Il santuario è costituito da un complesso monumentale disposto su sei terrazze artificiali che guardano a sud, collegate da rampe e scale che conducevano al tempio e alla miracolosa statua della Dea. Questo edificio sacro e monumentale, realizzato lungo la via principale di accesso alla città, si arrampica sulla collina grazie ai terrazzamenti.

Esso è diviso in due nuclei: quello a valle più di tipo religioso col vecchio santuario latino e il complesso a monte che culmina con una cavea.

In basso c'è il complesso maggiore, diviso in quattro navate coperto da tetto ligneo con a valle un porticato con due ordini, dorico e corinzio, e a monte delle aperture rettangolari.

A monte ci sono tre livelli in cui l'ultimo presenta una scalinata che porta a due rampe coperte che salgono alla terrazza delle esedre con un portico dorico interrotto da esedre ioniche. 

Si sale un altro piano e si arriva alla terrazza dei fornici con aperture alternativamente arcuate e piatte. Con un'altra rampa si arriva all'ultima terrazza molto più grande delle altre, con porticato corinzio su tre lati con un emiciclo a cavea nella parte più alta sormontata da un altro portico semicircolare e da una rotonda.
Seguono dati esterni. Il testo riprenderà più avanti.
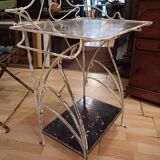 Small Art Nouveau wrought iron side table from the 1900s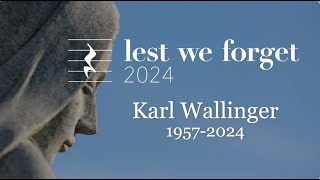 LWF2024  Karl Wallinger  quotShes The Onequot [upl. by Aric]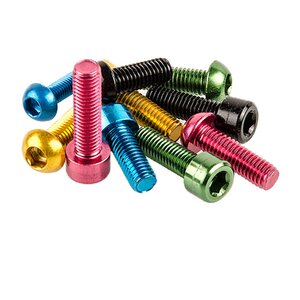 Arlows Hexagon Socket Panhead Screw AL7075 M5x35 Blue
La prima terrazza, sorretta da un imponente muro in opera poligonale e arricchita da vasche lustrali ai due lati; sosteneva una doppia rampa simmetrica, con doppio passaggio, uno esterno coperto con volta e sostenuto da colonne doriche, l'altro scoperto e lastricato.

L'opera poligonale conferma l'antichità del luogo di culto che è molto più arcaico del II sec. a.c., un culto che si perde nella notte dei tempi. Le vasche lustrali fanno pensare alle acque benedette e curative che non mancavano mia nei santuari della Grande Madre.

Le rampe conducevano sulla terrazza detta “degli emicicli”, che presentava un fronte porticato in stile ionico, su cui si aprivano due grandi esedre simmetriche con volte a cassettoni. Una scalinata centrale portava poi alla terrazza superiore, detta dei “fornici a semicolonne”, che ospitava forse luoghi di ristoro per i pellegrini e botteghe con statuine, oggetti sacri e souvenir.

I TERRAZZAMENTI
Dalla scalinata posta al centro si poteva salire alla terrazza più estesa, oggi detta piazza della Cortina, porticata su tre lati con colonne corinzie. Sul fondo un'altra rampa conduceva ad una grandiosa esedra gradinata, ombreggiata da un doppio portico con colonne in stile corinzio. 

Dorico, ionico e corinzio erano i tre stili di colonne, stili originari della Grecia, con cui i Romani ornavano i monumenti più importanti, vedi il Colosseo.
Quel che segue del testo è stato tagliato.